Adding a KV-cache object
The first MiniCache reproduction was a tensor primitive. That was useful, but it still sat below the shape of an inference system.
The next step is a small cache object:
store per-layer keys and values, then apply the MiniCache pairwise path to a selected adjacent layer pair.
The implementation lives in:
The new API
The new object is LayerKVCache. It stores key and value tensors with shape:
(layers, batch, sequence, hidden_dim)The compression call is explicit about which adjacent layers are being merged:
import torch
from minicache_pytorch import LayerKVCache
keys = torch.randn(8, 2, 128, 64)
values = torch.randn(8, 2, 128, 64)
cache = LayerKVCache(keys=keys, values=values)
result = cache.compress_layer_pair(
lower_layer=4,
upper_layer=5,
alpha=0.5,
threshold=0.98,
)
compressed_cache = result.cache
retained_fraction = result.retained_token_fractionThe object does not mutate the original cache. It returns a new cache plus the key/value retention masks.
Why this is a better boundary
The primitive from the previous note answered:
can I merge two adjacent layer tensors?
The cache object asks a more useful systems question:
where would this sit in a decode-time cache path?

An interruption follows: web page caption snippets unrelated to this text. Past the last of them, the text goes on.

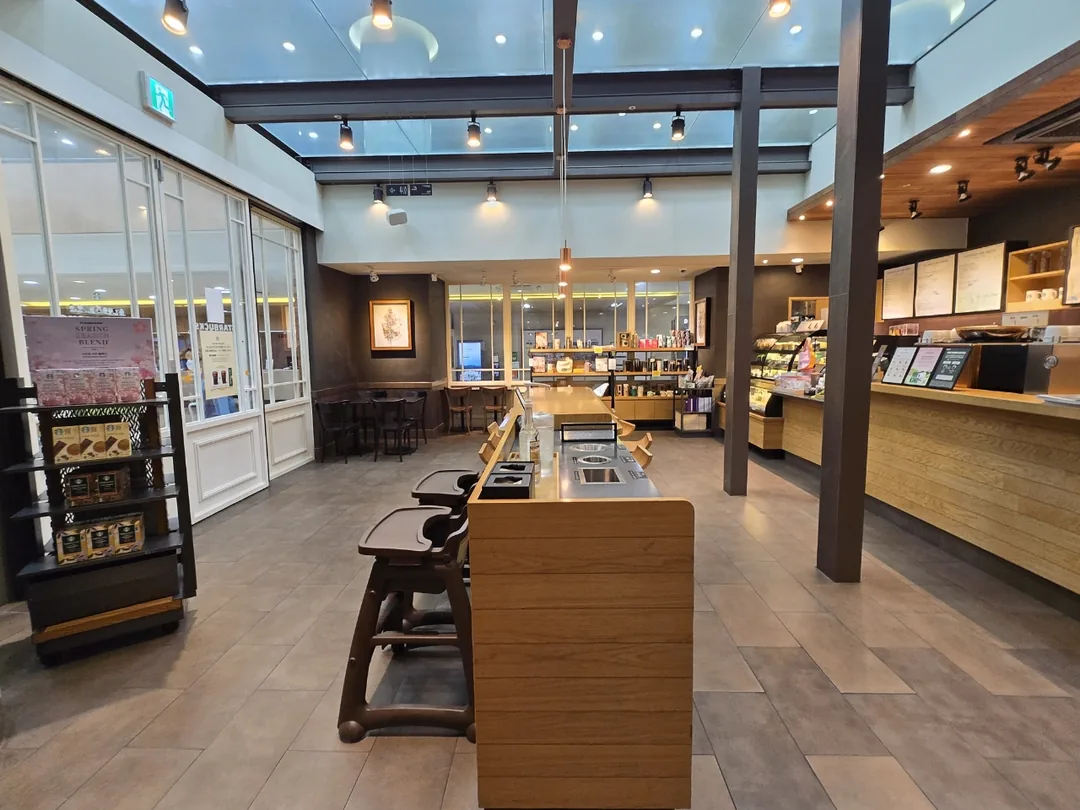 (Du lịch 3) Sokcho Daemyung Delpino Starbucks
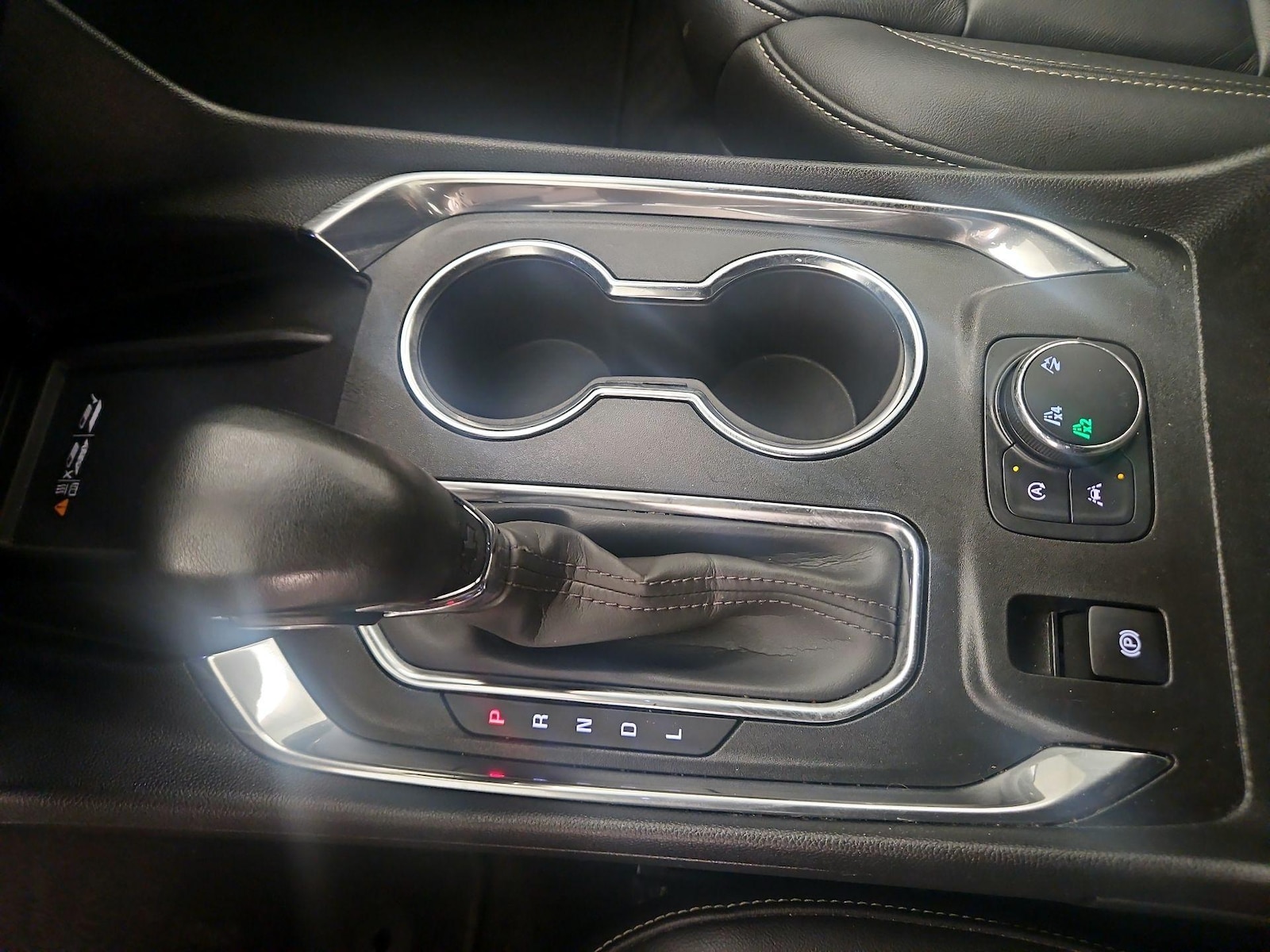 2023 Chevrolet Traverse 3LT - Photo 19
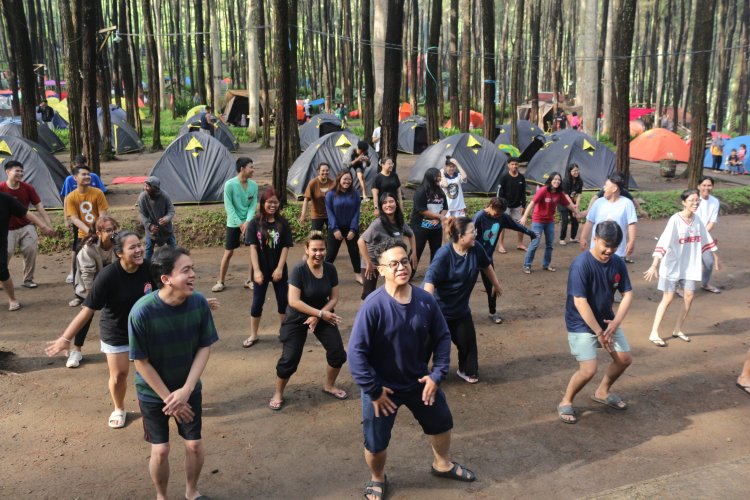 Meski Diterpa Hujan, Semangat Anak Muda 11DG Tetap Membara di HF Day - Camping
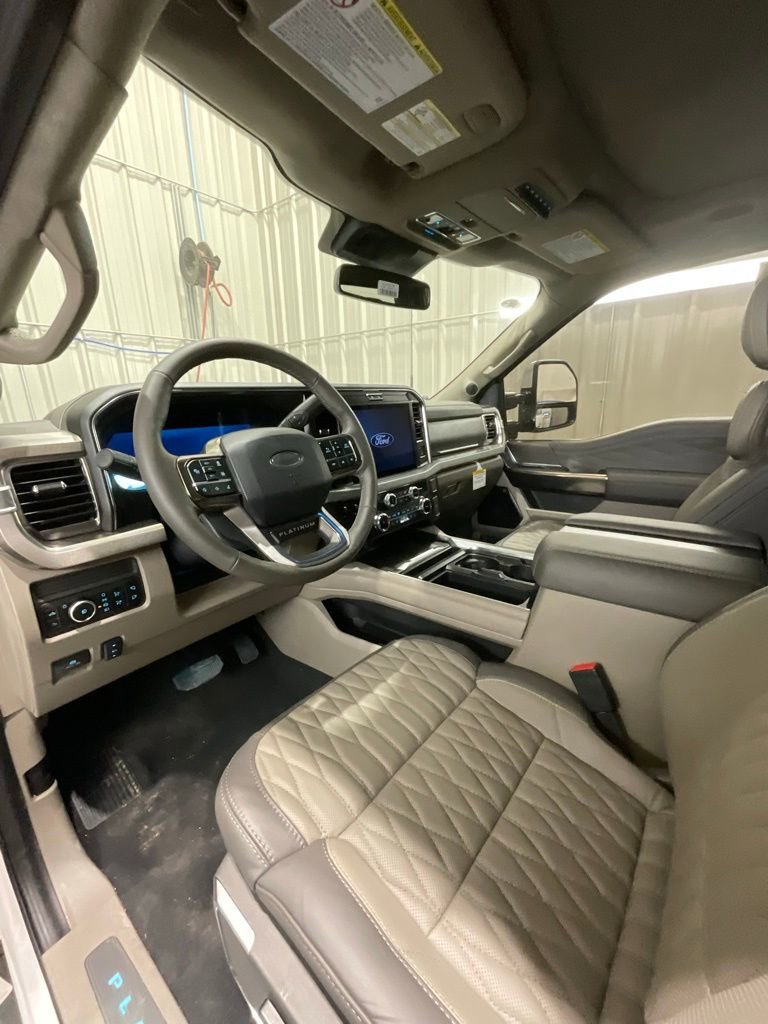 New 2026 Ford F250 Platinum w/ Platinum Plus Package image 9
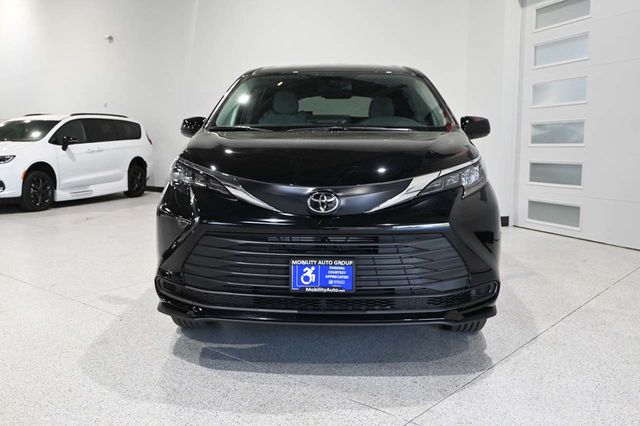 2026 Toyota Sienna LE FWD 8-Passenger - 23026678 - 3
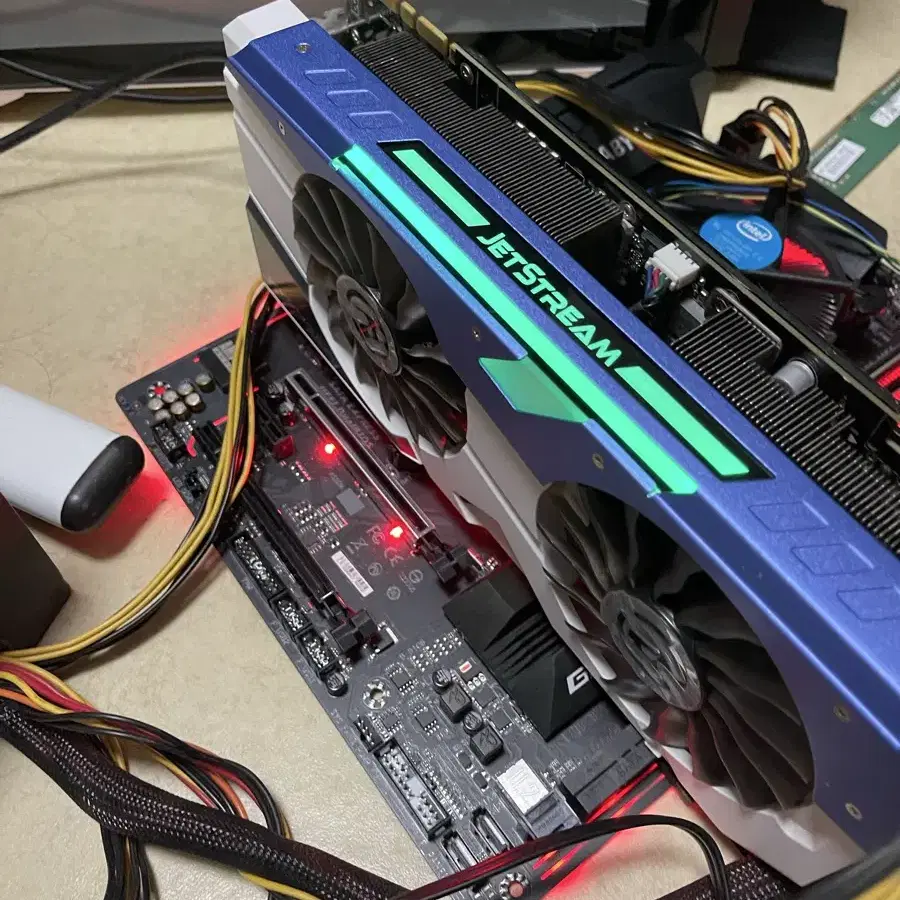 이엠텍 슈젯 지포스 GTX1070 8G 그래픽카드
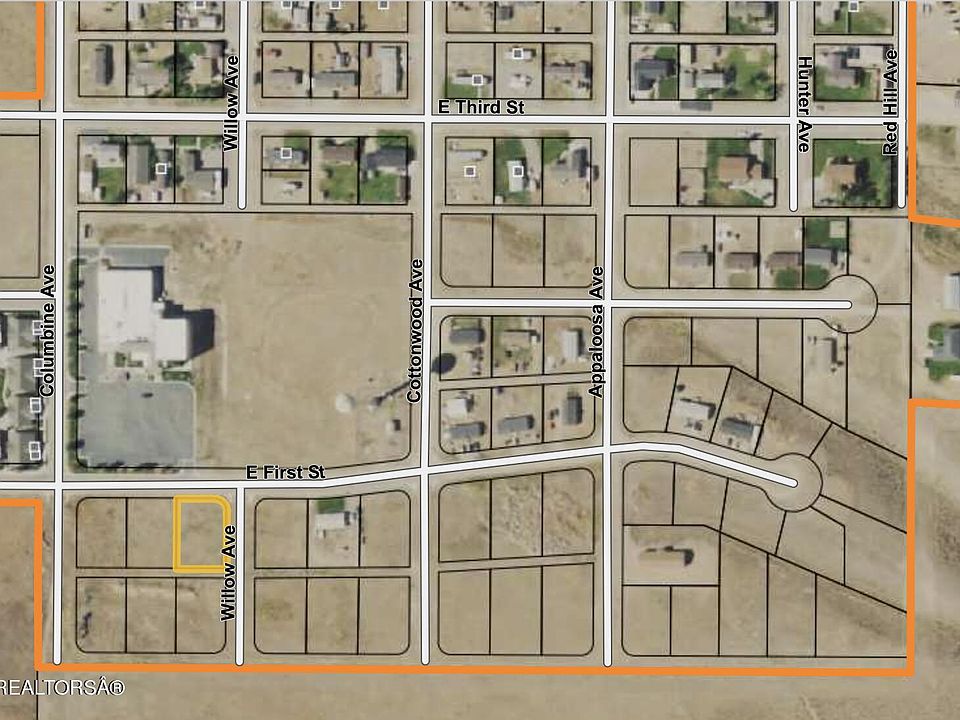 1st image of E 1st St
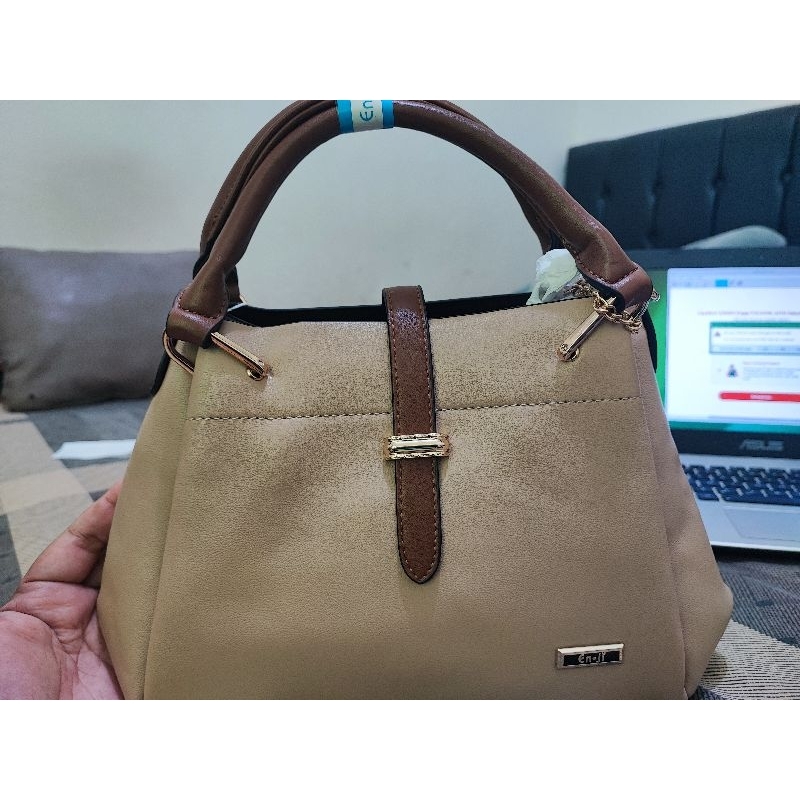 EN-JI HAND BAG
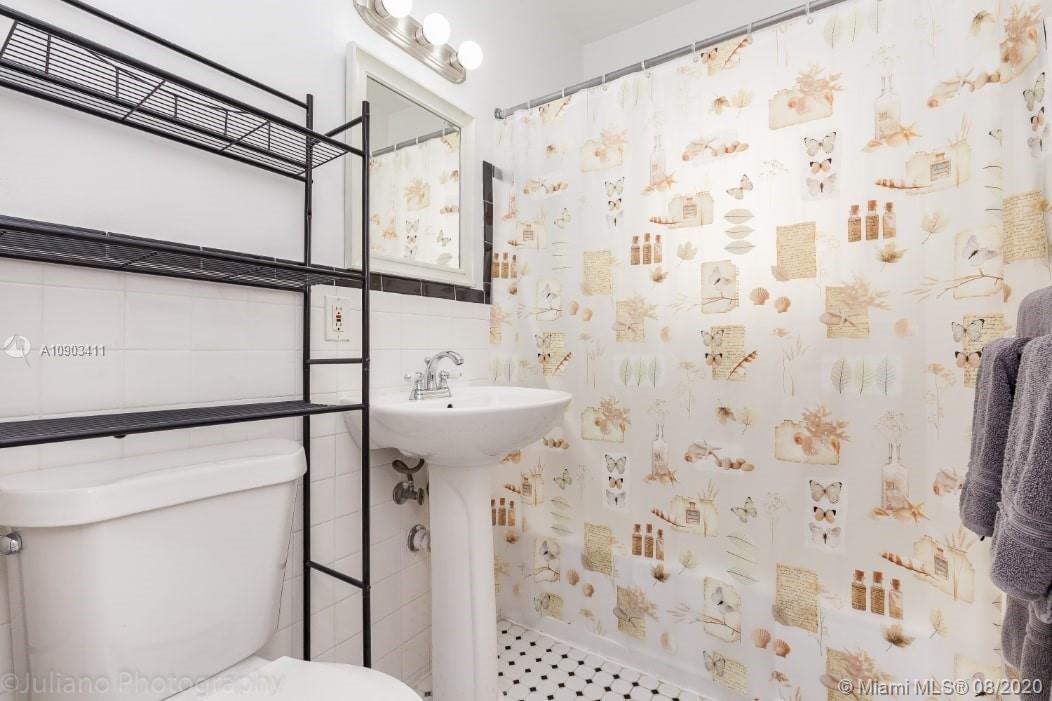 ISLE OF NORMANDY MIAMI VI - Residential Lease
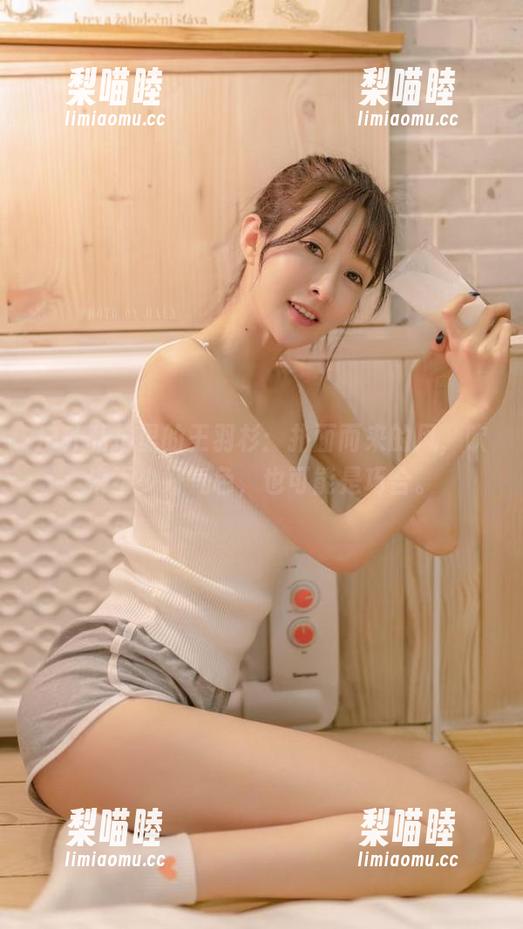 户外私拍里的王羽杉：扑面而来的风，吹来不少好气色，也可能是巧合。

That boundary gives the repo a place to grow:
- cache shape validation
- layer-pair validation
- memory accounting
- retained-token reporting
- future policy logic for selecting layer pairs
It is still small enough to read in one file.
Reproduce locally
Run the full test suite:
git clone https://github.com/rishabhsai/minicache-pytorch
cd minicache-pytorch
uv sync --extra dev
uv run --extra dev pytestCurrent result:
15 passedThe cache-specific tests cover:
- key/value shape validation
- minimum cache rank validation
- shape preservation after compression
- only the upper layer in the selected pair is updated
- retained tokens stay on the original upper-layer path
- non-adjacent layer pairs fail clearly
- cache byte accounting
Example output
The new example script creates a fake 8-layer cache, makes layers 4 and 5 partially similar, then compresses that pair:
uv run python examples/cache_object.pyCurrent local output:
cache shape: (8, 2, 128, 64)
cache bytes: 1,048,576
compressed pair: layers 4 -> 5
retained token fraction: 0.410That retained fraction is the important signal. It means the cache path is not blindly compressing every token; the retention mask is visible enough to measure and debug.
What next
The next note should be a decode benchmark.
The benchmark should vary:
- sequence length
- hidden dimension
- retention threshold
- number of layer pairs compressed
The output should be a small table, not a wall of prose. The goal is to make the tradeoff visible: how much retention happens, how much extra compute the compression path adds, and where the primitive starts to look too expensive.
After that, the project is ready for the PrefixKV track.